▶ **Provided material**:
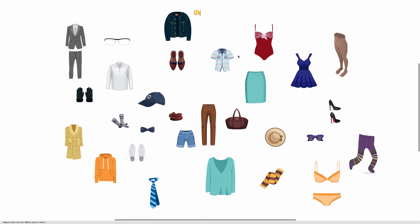Zacznijmy od wpisania tytułu. Ubrania męskie i damskie — men's and women's clothes.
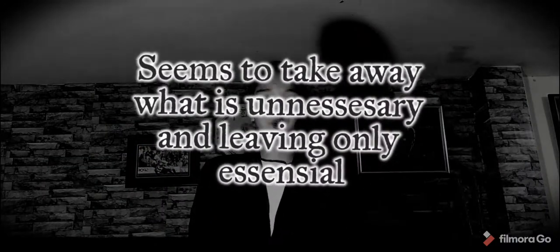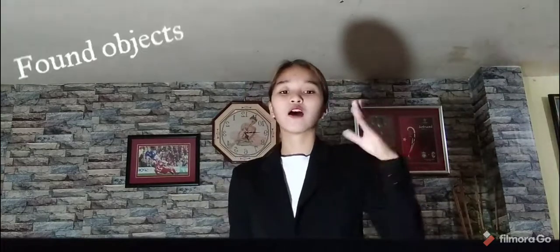Number one is minimalism. One of the artistic movements that has been most relevant through the contemporary art movement is minimalism. Minimalism seeks to take away what is unnecessary and leave only what is essential. Minimalist art can be seen as extending the abstract idea that art should have its own reality and not be an imitation of something.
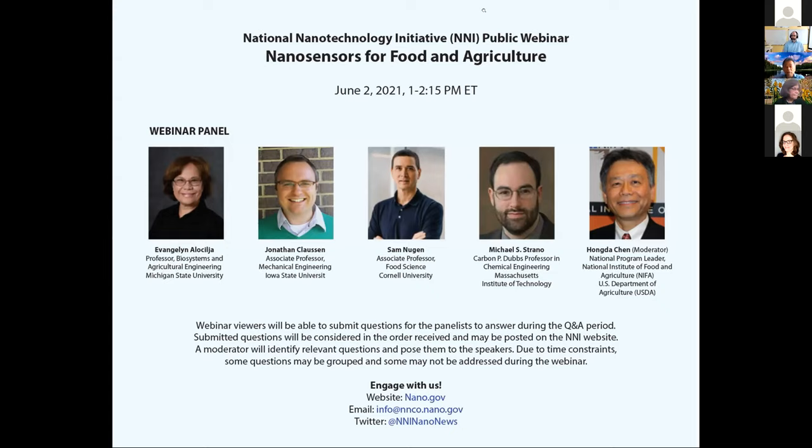Today our panel experts — Dr. Sam Nguyen, Dr. Michael Strano, Dr. Vanjie Alosia Ha, and Dr. Jonathan Klassen — will share their vision for how the development and deployment of nanosensors could transform the agricultural and food system. They will highlight the state of science, discuss community needs to push the science forward, and explore the challenges associated with bringing this technology to market.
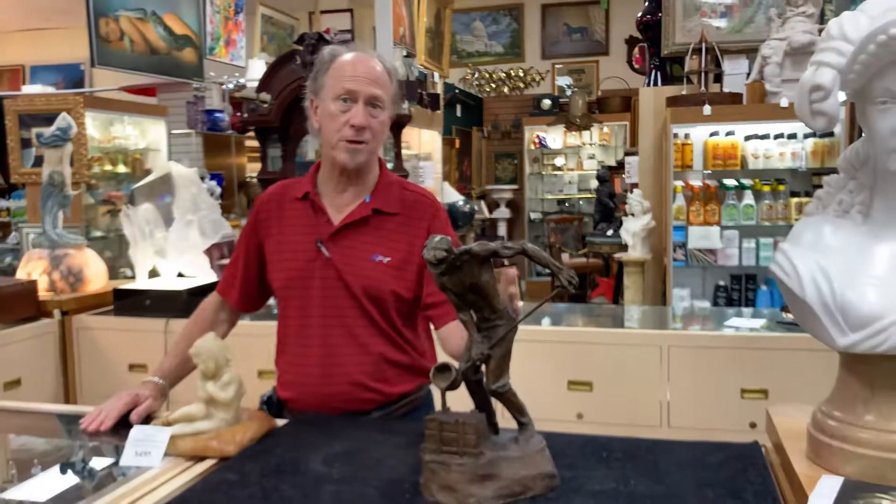And if you've got a treasure similar to this, we're always, always buying.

▶ **Your objective**: The lines from the one holding "Today our panel" through the end of the material above are to be echoed exactly, both ends included. Do not include pictures.

▶ **Solution to this task**:
Today our panel experts — Dr. Sam Nguyen, Dr. Michael Strano, Dr. Vanjie Alosia Ha, and Dr. Jonathan Klassen — will share their vision for how the development and deployment of nanosensors could transform the agricultural and food system. They will highlight the state of science, discuss community needs to push the science forward, and explore the challenges associated with bringing this technology to market.
And if you've got a treasure similar to this, we're always, always buying.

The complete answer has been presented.